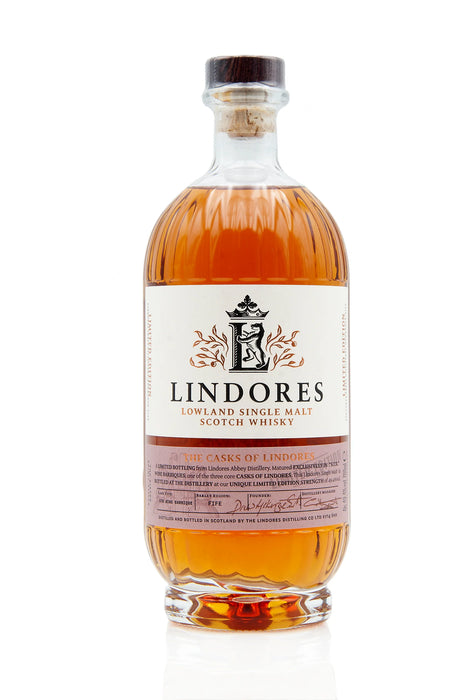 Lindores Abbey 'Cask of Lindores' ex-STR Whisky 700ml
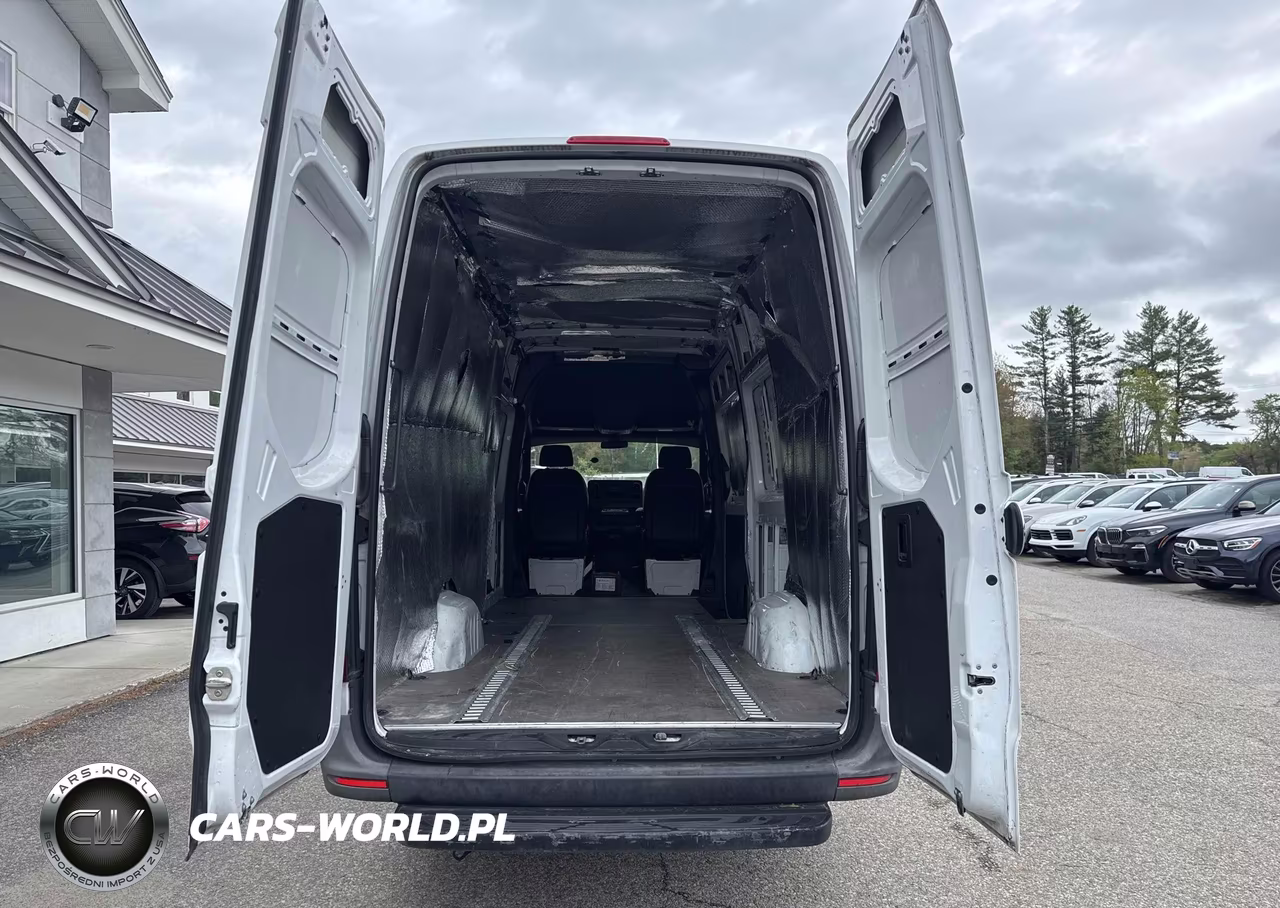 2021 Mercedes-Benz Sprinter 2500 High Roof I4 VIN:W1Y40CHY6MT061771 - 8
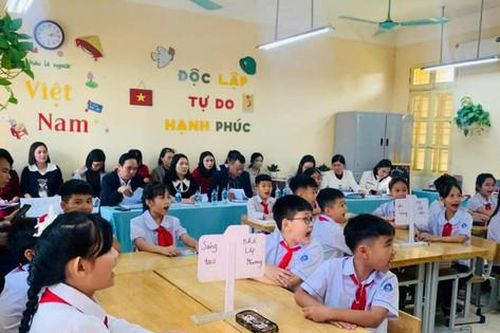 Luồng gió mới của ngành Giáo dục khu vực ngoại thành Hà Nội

*Problem*. Print the data once more without any change, skipping each picture.

*Worked solution*.
 Lindores Abbey 'Cask of Lindores' ex-STR Whisky 700ml
 2021 Mercedes-Benz Sprinter 2500 High Roof I4 VIN:W1Y40CHY6MT061771 - 8
 Luồng gió mới của ngành Giáo dục khu vực ngoại thành Hà Nội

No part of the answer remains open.